*Exercise requirements:* From the records below, transcribe exactly the lines that begin at the line with "Lladró - Palm" and end at the line with "Reiss Petite Double", both included.

== Segment start ==

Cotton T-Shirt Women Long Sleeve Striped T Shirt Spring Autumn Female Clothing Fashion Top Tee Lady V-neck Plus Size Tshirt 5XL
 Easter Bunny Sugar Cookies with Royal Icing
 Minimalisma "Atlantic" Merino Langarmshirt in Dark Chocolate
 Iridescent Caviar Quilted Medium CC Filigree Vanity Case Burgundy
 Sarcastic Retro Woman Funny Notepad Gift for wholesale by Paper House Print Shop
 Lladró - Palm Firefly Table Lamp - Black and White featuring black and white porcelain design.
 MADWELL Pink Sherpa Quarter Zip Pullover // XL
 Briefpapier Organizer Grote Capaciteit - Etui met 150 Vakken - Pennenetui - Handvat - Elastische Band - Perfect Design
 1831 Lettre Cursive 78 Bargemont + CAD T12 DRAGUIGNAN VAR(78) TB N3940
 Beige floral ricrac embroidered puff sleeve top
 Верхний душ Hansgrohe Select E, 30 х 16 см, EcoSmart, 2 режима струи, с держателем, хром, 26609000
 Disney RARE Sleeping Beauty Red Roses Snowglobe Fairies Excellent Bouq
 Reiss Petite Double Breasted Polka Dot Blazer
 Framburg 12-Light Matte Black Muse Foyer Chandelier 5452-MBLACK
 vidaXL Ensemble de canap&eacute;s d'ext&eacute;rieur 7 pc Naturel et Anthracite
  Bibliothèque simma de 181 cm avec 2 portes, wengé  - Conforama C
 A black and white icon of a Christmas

== Segment end ==

*Expected answer:*
 Lladró - Palm Firefly Table Lamp - Black and White featuring black and white porcelain design.
 MADWELL Pink Sherpa Quarter Zip Pullover // XL
 Briefpapier Organizer Grote Capaciteit - Etui met 150 Vakken - Pennenetui - Handvat - Elastische Band - Perfect Design
 1831 Lettre Cursive 78 Bargemont + CAD T12 DRAGUIGNAN VAR(78) TB N3940
 Beige floral ricrac embroidered puff sleeve top
 Верхний душ Hansgrohe Select E, 30 х 16 см, EcoSmart, 2 режима струи, с держателем, хром, 26609000
 Disney RARE Sleeping Beauty Red Roses Snowglobe Fairies Excellent Bouq
 Reiss Petite Double Breasted Polka Dot Blazer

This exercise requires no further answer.